The lower extremities of the funnels 193 engage the nipples 199 communicating with the interior of the vacuum conduit 190. Maintenance of a reduced air pressure within the conduit 190 has the effect of sucking the particulate material down through the funnels, where the relatively high velocity vacuum flow entrains the particles and carries them to a standard separator (not shown). The inside diameter of the conduit 190 can be on the order of four inches, and it has been found that a reduction of atmospheric pressure of approximately five inches of mercury will be sufficient to induce a sufficiently great velocity in the conduit to fully entrain the particles and keep the conduit clear. The upstream end of the conduit is preferably left open. This has the additional desirable effect of tending to pull the particles down through the funnels, and avoid any buildup of material along the walls of the funnels or in the trough. The screens are provided to entrap any material which might be of sufficient size to jam the funnels. This continued application of suction also has the desirable effect of maintaining a slightly reduce pressure within the enclosure, resulting in the confinement of particulate and sprayed material, and the continued removal of it from the work area.
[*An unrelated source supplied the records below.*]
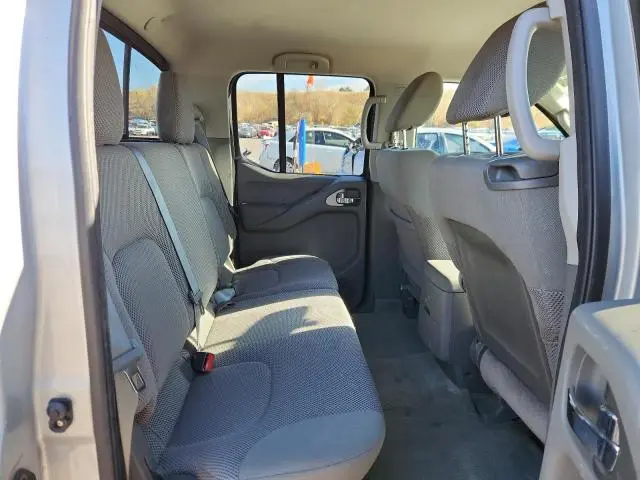 2014 NISSAN FRONTIER S  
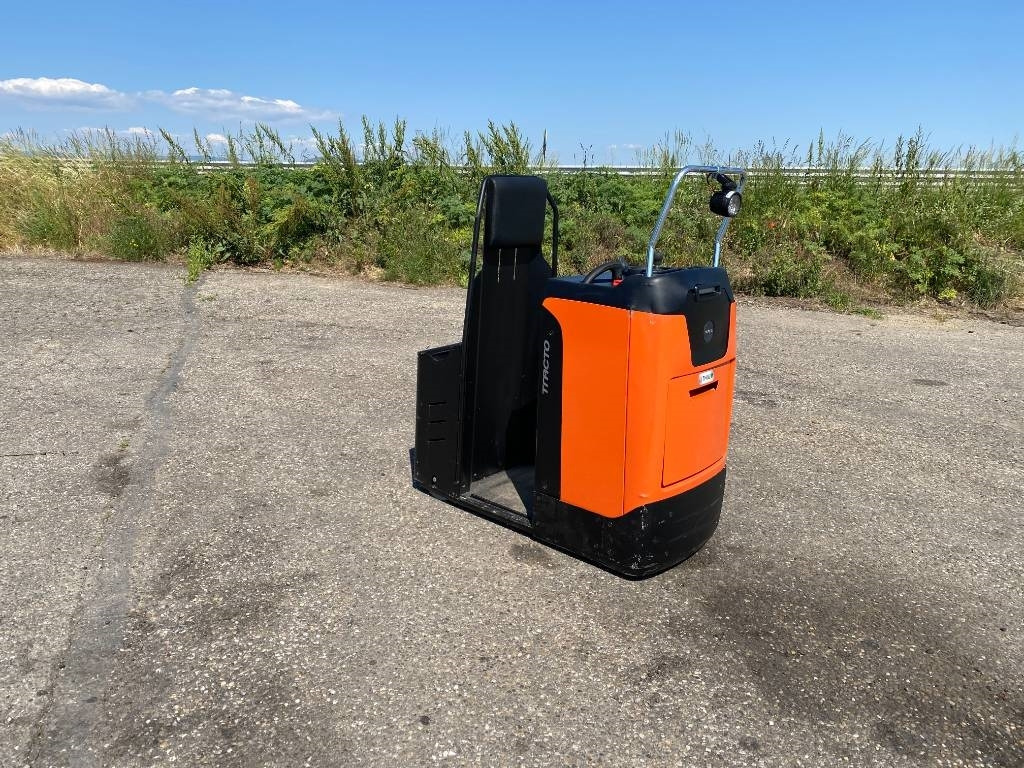 Toyota BT/MOVIT TSE 150-708 1er MAIN endommagé - جرار سحب: صورة 3 Toyota BT/MOVIT TSE 150-708 1er MAIN endommagé - جرار سحب: صورة 3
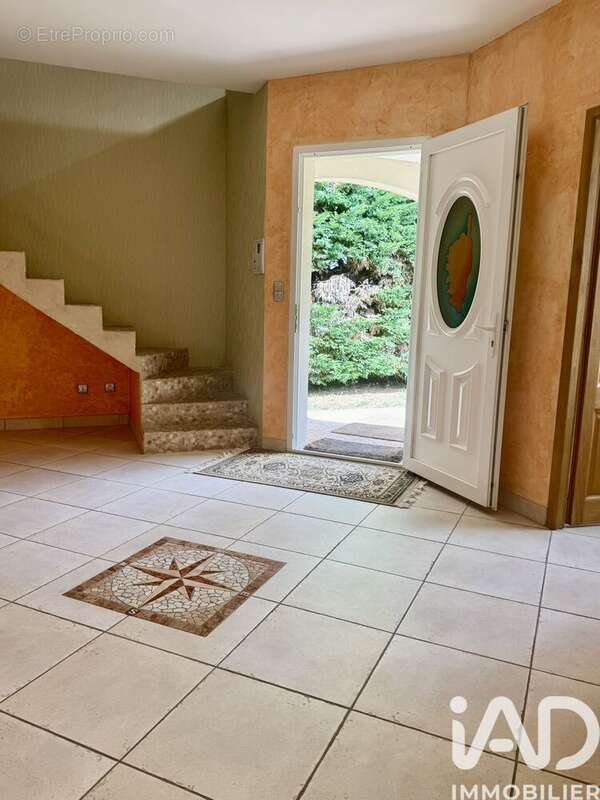 Photo 2 - Maison à AMBARES-ET-LAGRAVE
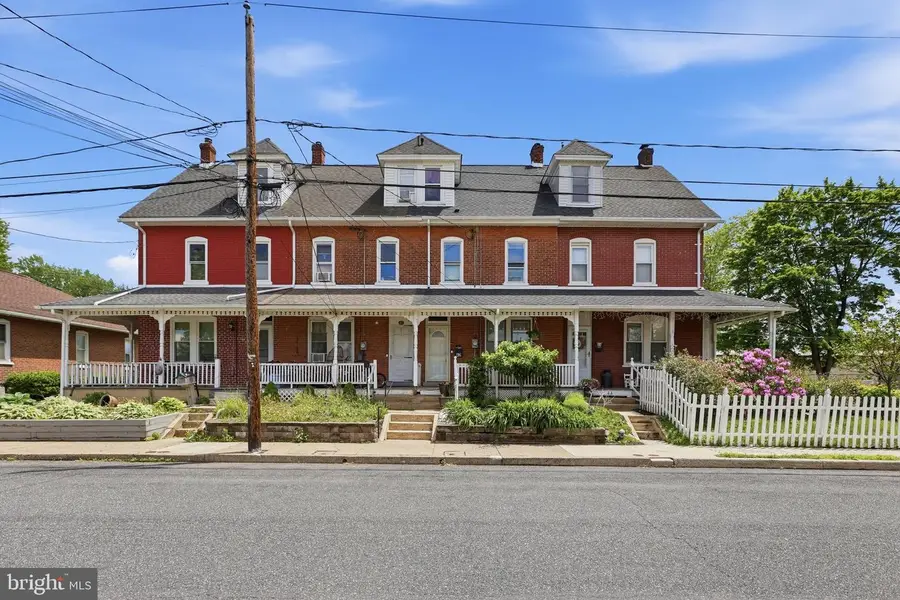 42 W Hamlin Ave, Telford, PA 18969 - #2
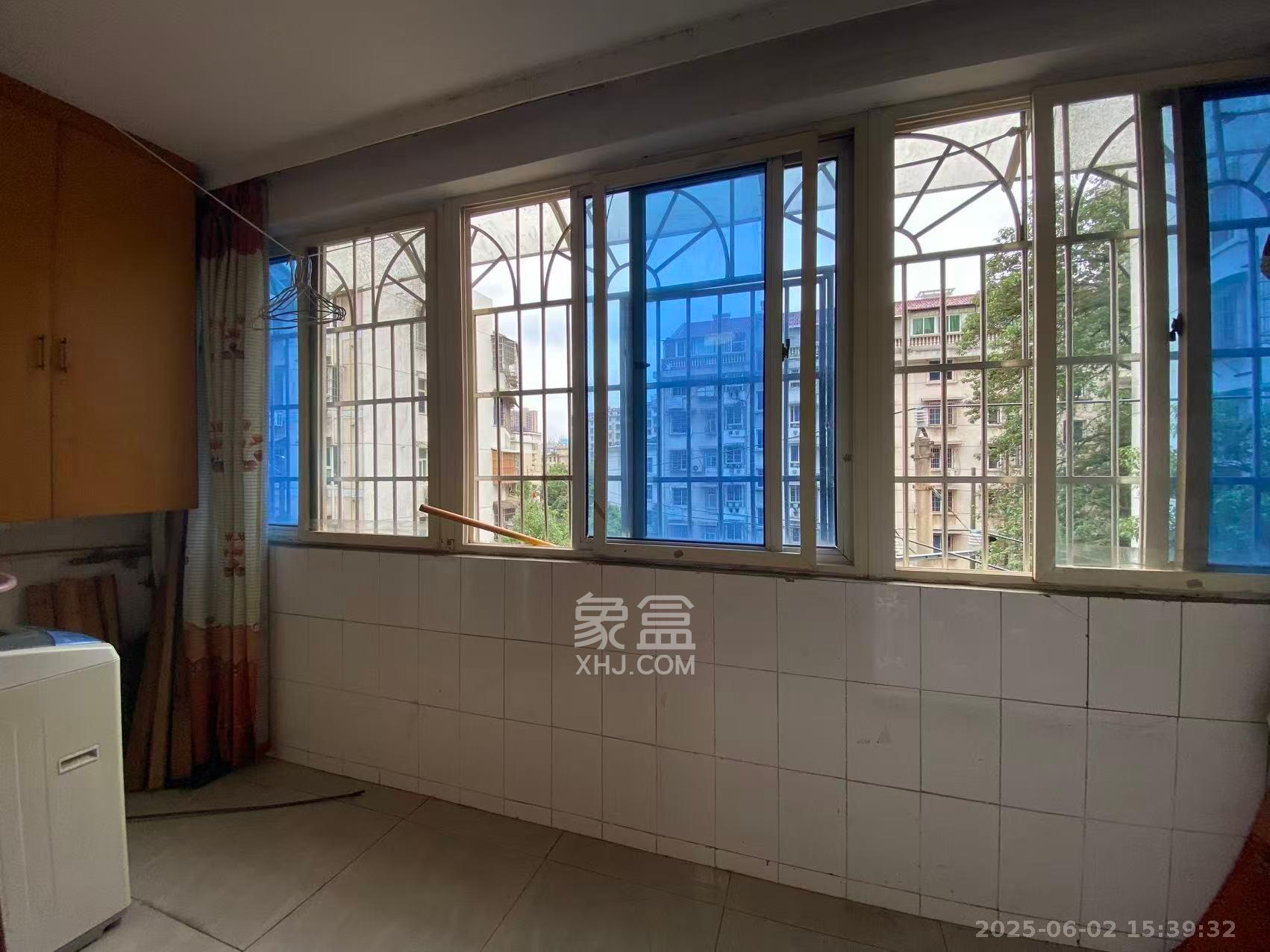 广厦新村 3室1厅1卫 1333.0元/月 广厦新村 3室1厅1卫 1333.0元/月室内图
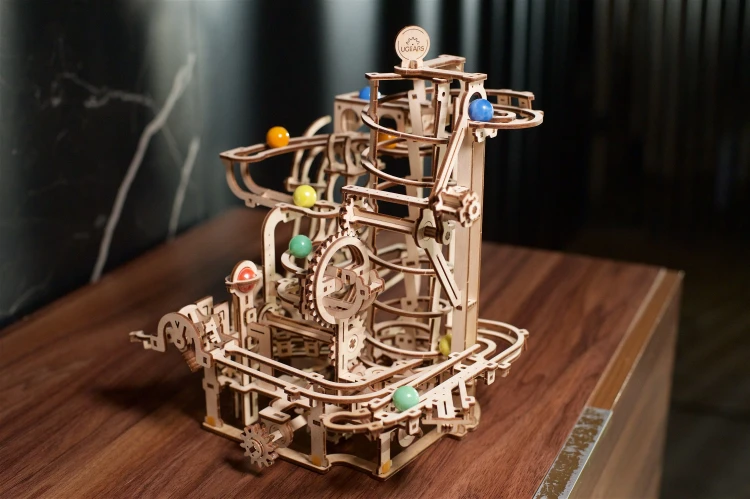 Tor kulkowy z wciągnikiem spiralnym DIY - Ugears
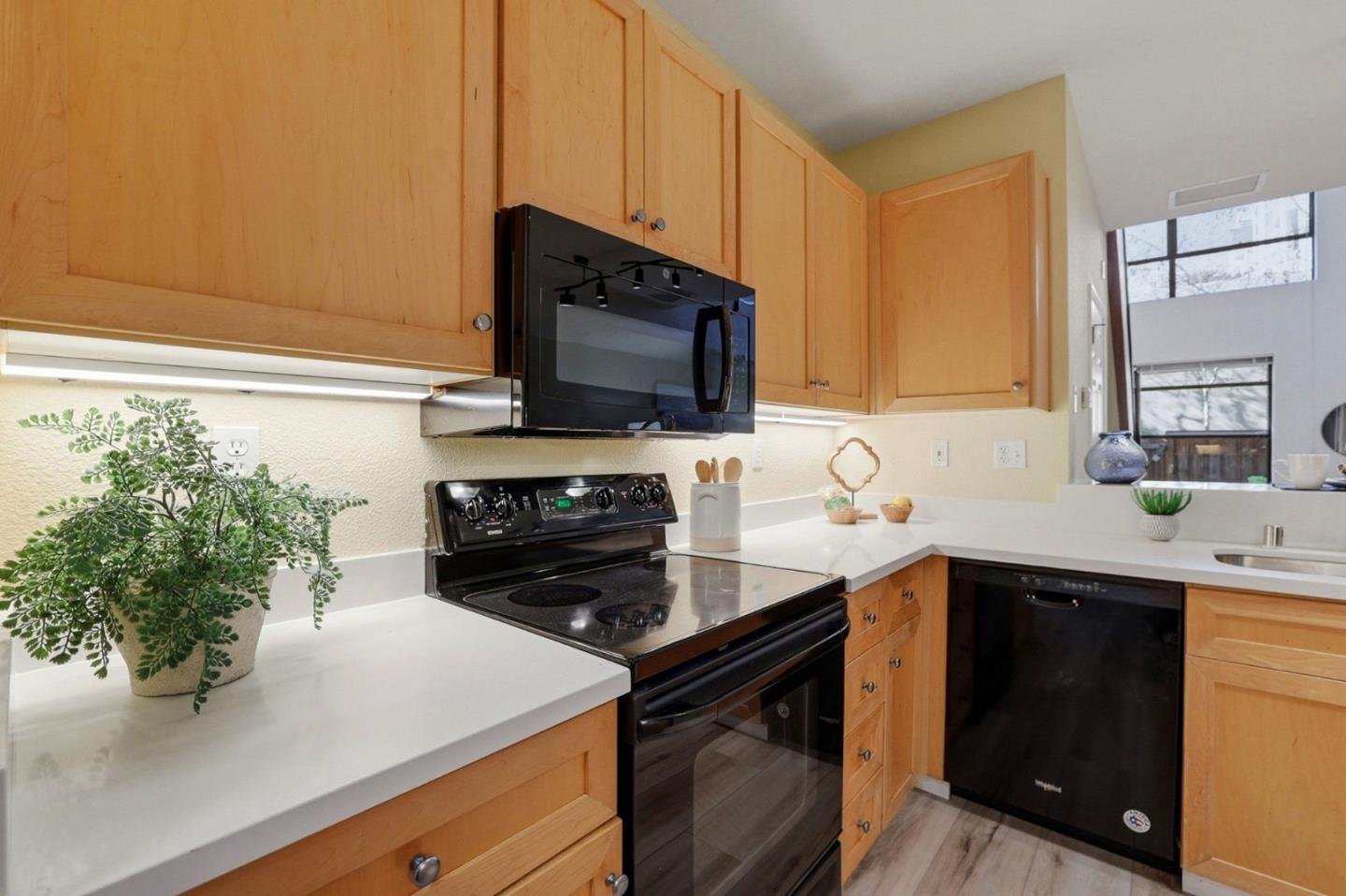 400 North 1st Street 111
FIGS. 14 and 15 show modified forms of the invention with regard to the construction of the vacuum conduit. In FIG. 14, the trough 200 terminates in the out-turned flanges 201 an 202. Similar out-turned flanges 203 and 204 of a channel 205 receive the aperture plate 206 sandwiched between the pairs of flanges. Preferably, the screen 207 is laid on top of the aperture plate 206, and the entire assembly is held together by the clips 208 embracing the pairs of flanges at the opposite sides of the assembly. In the FIG. 15 modification, the tubular conduit 209 is provided with holes as shown at 210, which are covered by a strip of screen 211. The opposite sides of the bottom of the trough 212 are curled as shown at 213 and 214 to form receptacles for the clips 215 interconnected by the tension spring 216, which holds the assembly together.

When the enclosure is used in either the blasting or the spray painting phases of the maintenance process, it is preferable to use a conventional ventilation system (not shown) communicating with the interior of the enclosure to draw off the airborne fumes and paint or blasted particles. This is recommended for the safety of the working personnel, both as a fire or explosion prevention, and for the control of pollution.

Claims

1. A method of removing and then applying surface material on structural components, comprising:

supporting an enclosure adjacent certain of said components to include a surface of at least one of said components in an at least partially enclosed space;

suspending walkway means in said enclosed space, and processing said surface from said walkway means; and

establishing a conveyor conduit at the lower extremity of said enclosure, and applying a vacuum to said conduit to remove gaseous and particulate material from said enclosure and maintain reduced pressure within said enclosure.

2. A method as defined in claim 1, wherein said enclosure has a V-shaped cross-section, with the apex thereof below said components, the upper extremities of said V-shaped cross-section being temporarily secured to the lower extremities of selected of said components.

3. A method as defined in claim 1, additionally including suspending said enclosure from guideway means extending below a plurality of said components, said enclosure being moveable along said guideway means to positions wherein surfaces of successive components are enclosable.

4. A method as defined in claim 1, wherein said processing includes particles blasting, and additionally including separating said particles from the material accumulated in said enclosure.

5. A method as defined in claim 4, wherein said particles are substantially round steel shot.

6. A method as defined in claim 1, additionally including sealing the upper extremity of said enclosure to said components.

7. A method as defined in claim 1, wherein certain of said components form spaced walls defining surfaces of said enclosure.